La Web de ANABEL
  • CUENTOS Y RELATOS

    LUNA, LUNA...

  • Una luna oronda y satisfecha se enseñorea, poco a poco, del cielo. Cada noche está iluminada con matices distintos porque su luz es sólo un préstamo del sol; aunque, llena de orgullo, de tanto en tanto, desaparece para dejarlos huérfanos y a solas con su sombra. Así castiga la soberbia del sol que se cree poderoso e infinito y que, al fin, acaba reconociendo su error y proyecta parte de su fuerza para redondear, de forma mágica, toda la faz de la luna.

    Desde la tierra nunca es igual; pero siempre es la misma. Algunas noches, cuando ha menguado, parece un buque fantasma navegando por el mar. Otras, cuando recobra su silueta, es una carroza radiante guiada por las estrellas. Siempre surca de forma majestuosa el océano de los suspiros.

    Muchos niños, antes de irse a dormir, escuchan los mismos cuentos, los mismos que ellos contarán a sus nietos cuando sean abuelos, porque, pese a que los astrónomos desvelaron algunos misterios y los astronautas acabaron por invadir sus dominios, la luna sigue magnetizando a los que sólo tienen ojos para mirarla. No es verdad que allá no haya ni vida ni agua, sino sólo llanuras de lava seca y estéril o cráteres desnudos; no es verdad, porque si lo fuera, los mares no se acercarían a ella buscando su beso ni los perros se asomarían al balcón plañendo su ausencia.

    En un tiempo remoto, antes de que apareciese la escritura, un hombre fue condenado a cargar un haz de leña a la espalda por mentiroso y ladrón. Tal fue su porfía que juró, cuando iban a juzgarlo, que fuese tragado por la luna si mentía y ella se lo tragó. Y ahí sigue, encorvado con su pesada carga, todos, todos los días de luna llena. Otra vez, otro hombre se condenó a sí mismo al robar las más hermosas uvas de un parral y también puso a la luna como testigo. Hoy sigue comiendo uvas una y mil veces y arroja los huesecitos a sus pies que ya forman una de las cordilleras que vemos desde la tierra. Cuentan, además, los más viejos, los que nunca han ido a la ciudad, que no fue una perra la que primero visitó la luna sino una liebre y, sí, es fácil reconocerla, agazapada, con las orejas vigilantes y el hociquillo alerta.

    No es bueno mirarla con insolencia, porque la luna puede ofenderse, aunque siente debilidad por los niños.
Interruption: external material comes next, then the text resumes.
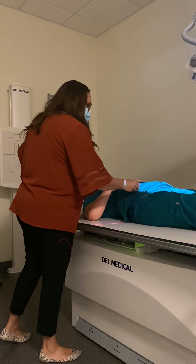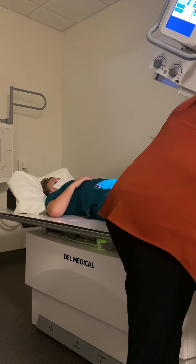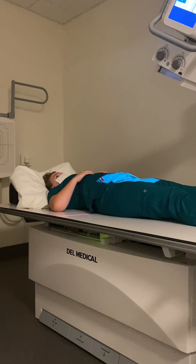I'm going to put my right marker on the side and make sure that my patient is nice and straight. I would have my patient hold their breath and suspend respiration for that AP SI joint.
Por eso, en ciertos hogares, algún niño albino añora su pasado y todos los gitanos han cegado sus pozos para que sus hijos no caigan al intentar capturar su imagen reflejada en el agua que, al contacto con su cuerpo, huye risueña y perturbadora a instalarse en las alturas.

    Sólo una vez, en época más reciente, tres hermanitos pudieron tocarla, pero eso no lo sabe nadie porque tal fue su inquietud que nunca se atrevieron a contarlo. Se encaramaron a una roca alta, de allí treparon a un árbol. Sobre la mayor subió la mediana y sobre la mediana el pequeño. Así colocados, se empinaron todo lo que pudieron y, bien cogidos de las manos, se dieron cuenta de que casi estaban volando. La luna se reía, mientras iba acercando sus mofletes sonrosados que invitaban a la caricia. Cuando el pequeño, los cabellos flotando y una mirada de perpetua sorpresa, pudo, al fin, tocarla; la hermana mayor sintió tanto frío que sus cabellos se tornaron blancos y supo, en ese preciso momento, que no debía soltarse de la rama en que estaba agarrada o todos irían a extraviarse en el infinito.

    Con fuerza prestada por el miedo atrajo hacia sí a sus dos hermanos, ganando el pleito a la luna que sigue, muchas noches, intentando bajar a la tierra a ver si puede colarse por la chimenea y llevarse a esos niños que osaron mirarle la cara y abandonarla después.

    Ahora la luna persigue a las estrellas y canta canciones de cuna, mientras, aquí abajo, una anciana blanca y rosada, tapa con algodones los oídos de sus nietos para que no puedan oírla. Después, saca su mecedora al porche y se sienta de cara al cielo, para no perderse ningún son de esa sinfonía plácida y poderosa. La luna ya no pugna por llevársela porque sabe que su secreto está bien guardado.

     
    (del libro Un arcoiris total y otros cuentos, El Paisaje, 1995).